Drill a hole through the block (inside the sink area!) and start there. Something like a 1" spade bit is ideal, but anything you can fit the saw blade down into will work. Make your own edge, because plunging with a reciprocal is purely for demolition or other rough work.
You don't even have to line up on the edge of the sink hole (I wouldn't, because it's easy to mess up), but anywhere near it and cut to approach your line.
My brother can do amazing stuff with just a circular, but I don't trust myself to do that when it counts and so I usually reach for the jigsaw.
Good luck, hope it all turns out nice!
Once I have the 90% done in the edge middles I'll come in with the jigsaw to turn the corners.

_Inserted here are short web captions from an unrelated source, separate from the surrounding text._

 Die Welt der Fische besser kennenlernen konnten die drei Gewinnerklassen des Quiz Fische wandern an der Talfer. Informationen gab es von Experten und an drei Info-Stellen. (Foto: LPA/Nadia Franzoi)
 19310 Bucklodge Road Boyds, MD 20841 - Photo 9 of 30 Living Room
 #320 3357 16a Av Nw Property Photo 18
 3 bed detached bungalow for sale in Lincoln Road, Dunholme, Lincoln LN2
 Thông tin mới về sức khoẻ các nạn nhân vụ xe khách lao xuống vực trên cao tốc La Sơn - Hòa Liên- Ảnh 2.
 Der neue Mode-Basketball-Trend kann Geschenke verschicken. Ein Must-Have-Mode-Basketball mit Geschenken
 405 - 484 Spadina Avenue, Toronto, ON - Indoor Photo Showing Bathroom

All of this is to be buried under the sink, so short of really screwing the pooch this should be the easiest, fastest, most dependable way to knock the job out.
Although Mezike's comment has me thinking on my second read of it. If I can hit the rounded corner with a drill bit that matches the curve of the bend I could finish with the circular saw entirely. Either will be fine I'm sure, but that sure would be fast and easy.
My wife is still mulling her waterproofing options. She's oiled the butcher block on the other side of the kitchen and, frankly, it looks stunning. There's a richness and warmth to real wood that marble and the like can't hold a candle to.
But this piece will be around the sink and will certainly deal with more standing water. So the option is to get a waterproofing lacquer for it, which she's purchased, but it makes the wood shine where the oil does not. This is 8+ feet of counter and she doesn't want to lacquer the entire thing but I'm not sure she has much choice. The other option is that we just keep it really oiled and really dry as much as possible.
ubarose wrote: Rediscovered an old hobby.
We decided to un-pack the final half dozen boxes that we never unpacked when we moved back into the house. The first two boxes we pulled out were full of Lego. Lego that had once been completed models Lego that had once been carefully sorted into bins by size and shape. All tipped out and dumped unceremoniously into two huge cardboard boxes. A seriously ridiculous amount of Lego in a state of total chaos.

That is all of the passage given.